G-20 Agriculture Ministers agree to improve food, water sustainability
Against a backdrop of growing international tension over trade, agriculture ministers from the G-20 coalition of major advanced and emerging economies agreed to improve the sustainability of water use in farming when they met in Berlin on Sunday, 22 January.
“We commit to approaches that improve sustainability of water use in food and agricultural production while ensuring food security and nutrition in accordance with our multilateral trade commitments,” said an action plan released by ministers in conjunction with a political declaration.
The ministers also said they would continue implementing the 2030 Agenda for Sustainable Development, including the seventeen Sustainable Development Goals (SDGs) that were adopted by the United Nations in New York in 2015, and would push ahead with implementation of the Paris Agreement on climate change.
A statement from German Agriculture Minister Christian Schmidt underscored that agriculture lays the foundation for peace and security. “That makes agriculture part of global security policy,” said Schmidt, who hosted the event as part of Germany’s G-20 presidency.
The G-20 ministerial took place in the margins of the annual Global Forum for Food and Agriculture, which saw agriculture ministers and senior officials from 83 countries meet in Berlin and issue a separate declaration.
Sources told Bridges that as the conference came immediately following the inauguration of new US President Donald Trump, Washington was represented at the event by a senior civil servant rather than by Sonny Perdue, the recently nominated US Secretary of Agriculture.
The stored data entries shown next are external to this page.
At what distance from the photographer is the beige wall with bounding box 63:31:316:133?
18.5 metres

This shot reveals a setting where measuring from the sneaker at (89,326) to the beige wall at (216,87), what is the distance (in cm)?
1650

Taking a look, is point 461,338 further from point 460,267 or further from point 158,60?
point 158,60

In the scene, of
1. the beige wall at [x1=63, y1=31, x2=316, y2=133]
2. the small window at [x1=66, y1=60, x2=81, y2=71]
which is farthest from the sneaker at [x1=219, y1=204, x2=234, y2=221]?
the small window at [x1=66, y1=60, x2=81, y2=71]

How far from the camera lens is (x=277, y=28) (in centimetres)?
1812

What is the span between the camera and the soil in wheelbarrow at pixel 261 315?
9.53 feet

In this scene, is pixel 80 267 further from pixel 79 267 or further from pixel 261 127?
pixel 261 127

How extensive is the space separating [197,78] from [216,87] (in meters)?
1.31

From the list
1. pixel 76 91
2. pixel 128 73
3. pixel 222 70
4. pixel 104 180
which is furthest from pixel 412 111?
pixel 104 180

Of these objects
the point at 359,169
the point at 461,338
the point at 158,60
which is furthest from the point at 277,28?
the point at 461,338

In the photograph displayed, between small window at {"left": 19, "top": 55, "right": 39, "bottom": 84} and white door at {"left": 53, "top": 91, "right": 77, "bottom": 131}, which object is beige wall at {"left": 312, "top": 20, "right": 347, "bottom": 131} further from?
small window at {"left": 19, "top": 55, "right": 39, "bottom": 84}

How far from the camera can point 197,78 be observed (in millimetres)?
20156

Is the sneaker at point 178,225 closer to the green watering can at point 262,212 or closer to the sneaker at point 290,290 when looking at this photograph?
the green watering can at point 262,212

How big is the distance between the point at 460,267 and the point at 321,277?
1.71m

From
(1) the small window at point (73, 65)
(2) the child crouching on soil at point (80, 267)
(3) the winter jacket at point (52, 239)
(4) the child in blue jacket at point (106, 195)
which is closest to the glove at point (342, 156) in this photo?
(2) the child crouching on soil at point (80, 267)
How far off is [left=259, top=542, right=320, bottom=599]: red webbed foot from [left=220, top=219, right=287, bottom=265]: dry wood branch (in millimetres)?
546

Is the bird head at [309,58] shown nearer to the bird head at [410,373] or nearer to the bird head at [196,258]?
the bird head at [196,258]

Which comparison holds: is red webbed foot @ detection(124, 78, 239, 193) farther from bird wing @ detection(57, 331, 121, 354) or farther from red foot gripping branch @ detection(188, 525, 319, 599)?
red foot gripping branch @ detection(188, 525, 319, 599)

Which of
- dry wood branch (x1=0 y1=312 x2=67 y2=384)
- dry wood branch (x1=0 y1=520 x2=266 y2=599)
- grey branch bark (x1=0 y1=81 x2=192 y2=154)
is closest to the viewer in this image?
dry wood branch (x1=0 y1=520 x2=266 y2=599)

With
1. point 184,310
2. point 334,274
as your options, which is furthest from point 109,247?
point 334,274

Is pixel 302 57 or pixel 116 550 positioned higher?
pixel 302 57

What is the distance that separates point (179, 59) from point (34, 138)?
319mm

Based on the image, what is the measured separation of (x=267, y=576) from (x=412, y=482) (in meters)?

Perdue has not yet been confirmed by the Senate.
What role for trade?
The ministers agreed that agricultural trade and investment could contribute towards sustainable development and food security.
“We recognise that strengthening agricultural trade and promoting responsible agricultural investment are important for progress towards sustainable agricultural development, food security and nutrition, and inclusive economic growth,” the declaration said.
However, sources told Bridges that disagreement over agriculture talks at the WTO meant that the G-20 was reluctant to go into any depth on trade.
In their final communique, G-20 ministers committed to working “constructively with all WTO members with the objective of achieving progress in agricultural negotiations” by the global trade body’s next ministerial conference. This gathering is scheduled to be held in Buenos Aires, Argentina, in December 2017.
At the WTO, agricultural exporting nations have been joined by members of the African and Least Developed Country groups in calling for the ministerial to agree to discipline policies that distort markets for food and agriculture, such as subsidies for farming and fisheries.
However, the US and China remain at loggerheads over how best to address farm subsidies, with each arguing that the other needs to commit to taking more meaningful action.
Combating resistance to antibiotics
G-20 ministers also agreed to take steps to tackle the growth of antimicrobial resistance, for example by analysing the risks associated with the use of antibiotics as growth promoters for livestock.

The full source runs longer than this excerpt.